Monday, February 7, 2011

Experiencing Life As A Dream

Sister Jo and I began our sojourn two months ago. It feels like many more months than that, which got me to thinking. I’ve always known that one’s sense of the passage of time is relative to the experiences within the timeframe being referenced. There’s a very valid reason for the phenomenon.
Back in the 1970’s researchers at either the University of Michigan or Michigan State University did a long term study on time perception. They found that there is both “real” time and “mind” time.
Time Differences
The researchers found profound differences between the two types of time.
“Real” time was defined as the passage of time as recorded by a clock. Such time is a man-made measurement of experience. It’s also considered a measurement related to distance, but still a measurement.
“Mind” time was defined as a person’s individual experiential perception. Each person perceives the passage of time differently according to how fast their mind processes information, as well as the emotional investment used during the experience.
Apparently the research was prompted by someone asking why a person can experience hours or days of time passage within the body of a dream. The brain processes information in nanoseconds, which is infinitely faster than clock time. The researchers decided to look for the truth.
The Experiment
The basic experiment was a simple one. Find subjects who’d always wanted to learn to do one thing specifically—compose music, learn a foreign language, etc. Once the subjects were located [all were mature adults], each one was hypnotized for their instruction.
Example: [Not taken from actual study] During hypnosis a subject—let’s say a civil servant--is told that he’s been given two years to learn how to write music, which he’s always dreamed about. He can stay in his room and learn for that two years. He will be provided with everything he needs to learn.

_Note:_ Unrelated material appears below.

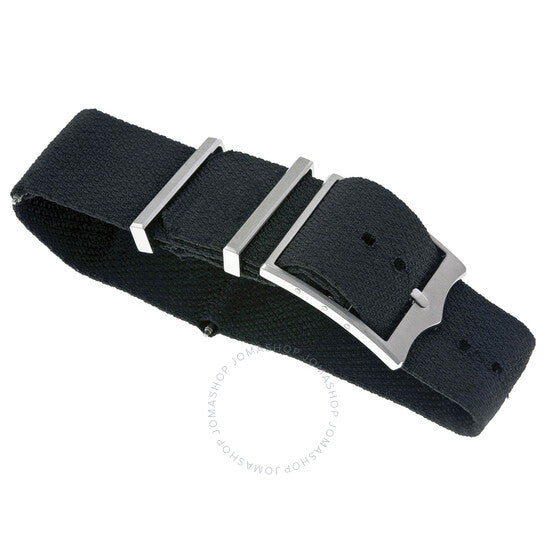 Tudor, Fastrider Chronograph White Dial Black Leather Watch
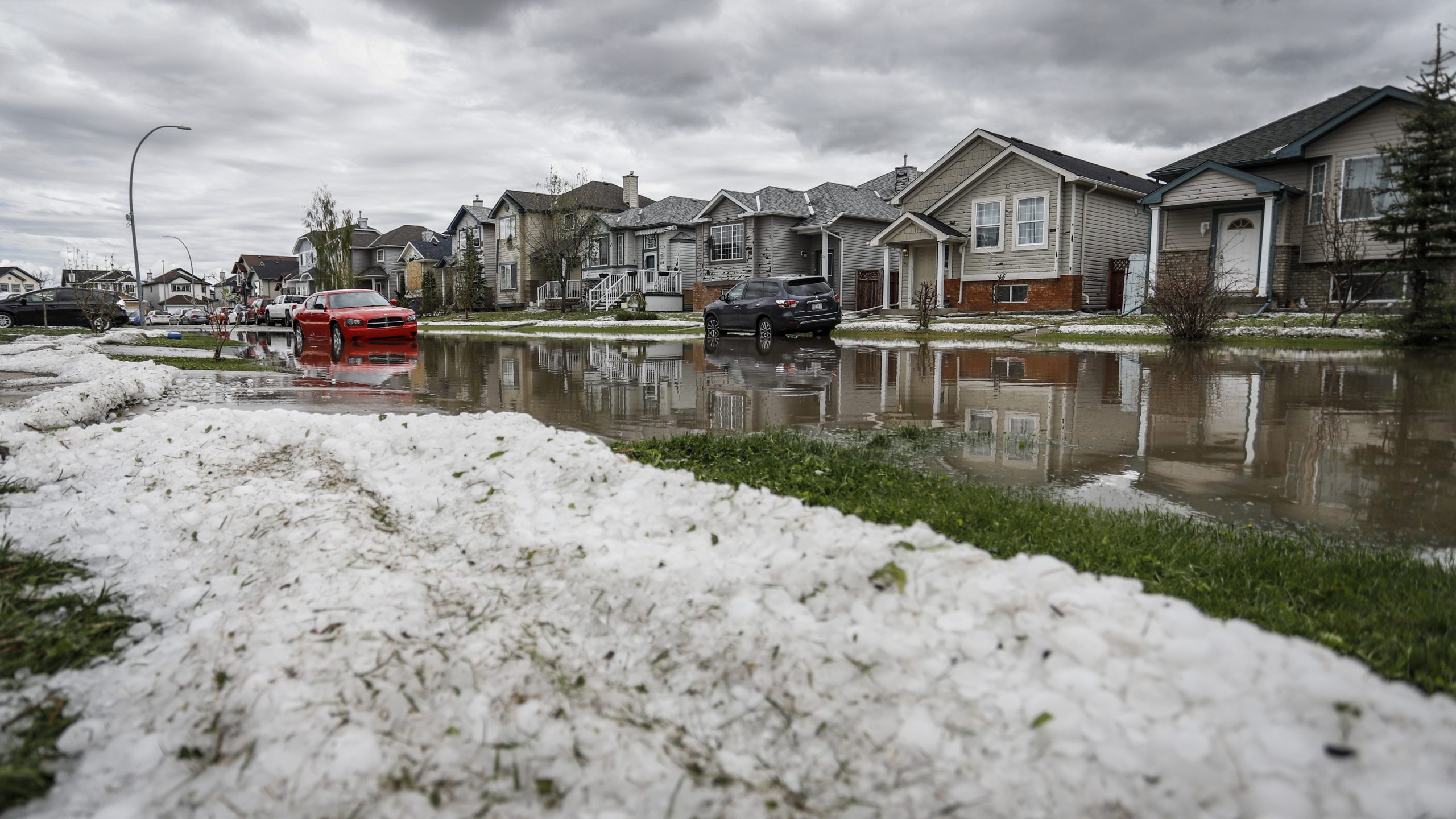 Calgary Hailstorm Insurance: Complete Coverage Guide for Homeowners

All he has to do was ask.
He’s told that someone will come to tell him when his time is up. He’s left to his own devices to use the resources provided to learn his new field. Whatever he asks for, he receives. He spends his time working on a computer, playing with instruments, and learning.
The Results
Are you concerned? Don’t be. The amount of time he’s in the room, as measured in “real” time, is only a few hours.
The result astounds the researchers. Not only can the man compose music but beautiful music and is ecstatic with the results of his new education. He’s also told that only a few hours have passed since he began.
The ultimate reality is that “mind” time runs and processes information incredibly fast. Learning under this process of mind usage is excellent, takes little “real” time, and has lasting effects. (When rechecked several months later, our civil servant is happily writing music for publication.)
Personal Appreciation of “Mind” Time
You might ask what this has to do with anything. Why is it important? It’s important for a couple of reasons.
When I said that our time on the road seemed to have lasted many months, I meant it literally. It seemed as if the calendar should be pushing toward May instead of February.
The reason for that perception is the number of experiences during that near eight weeks on the road. We’d covered 18 states in that “real” time. Within each of those states were individual experiences that had made an impact on our memories, either good or bad. That’s a mighty load of memories in so short a timeframe.
We’d taken a few notes here and there about most of the major experiences, but not the entirety of the road experience. My poor fingers would never have been still if that was the case. Whether I preferred it or not, my poor old mind had to carry the brunt of the load in memory form with scanty notations along the way.
The good thing about experiential memory is that it doesn’t escape when there are two of us on the drive. Each of us have a slightly different perspective, but that’s why it works so well. We can fill in details better that way. We can use her visuals and my audios. It’s according to who was paying the most attention at the time.
Also, have you ever had one of the days when you’ve worked and worked, gotten tons completed, and then looked at the clock only to see that only a couple of hours have passed? That, my friend, is “mind” time in action. Enjoy it while you have it. It usually accompanies those days when clock time seems to drag along and it seems that the day will never be over. Ever have one of those?
If not, I’m sorry. I used to groan each time until I realized how much I could get written during “MIND TIME.” It’s my writer’s best friend come to call.
I can use it for marketing research, which always seems to take forever. I can use it to draw out a plot or rough out an essay. It’s lovely for poetry. I relish those days now.
Take a minute and think about whether you’re using your mind time to its best advantage. Until we talk again,


  1. That's really interesting Claudsy! I think I use clock time while at work and mind time when I'm writing. However, when I'm writing, the clock time goes so much faster then my mind time. My mind time is so into it that it seems as though only 1 hours has passed, however the clock tells me its been 4 hours!!

    But this was really an interesting article. I enjoyed reading it. And the clock says it only took me a few minutes!

  2. Thanks, Allyn. For me, I never kknow when mind time will kick in and take over. I'm always surprised. I do like it when it happens, though.

    I just wish I could control shen it happened. Then I might get some real work done and more of it.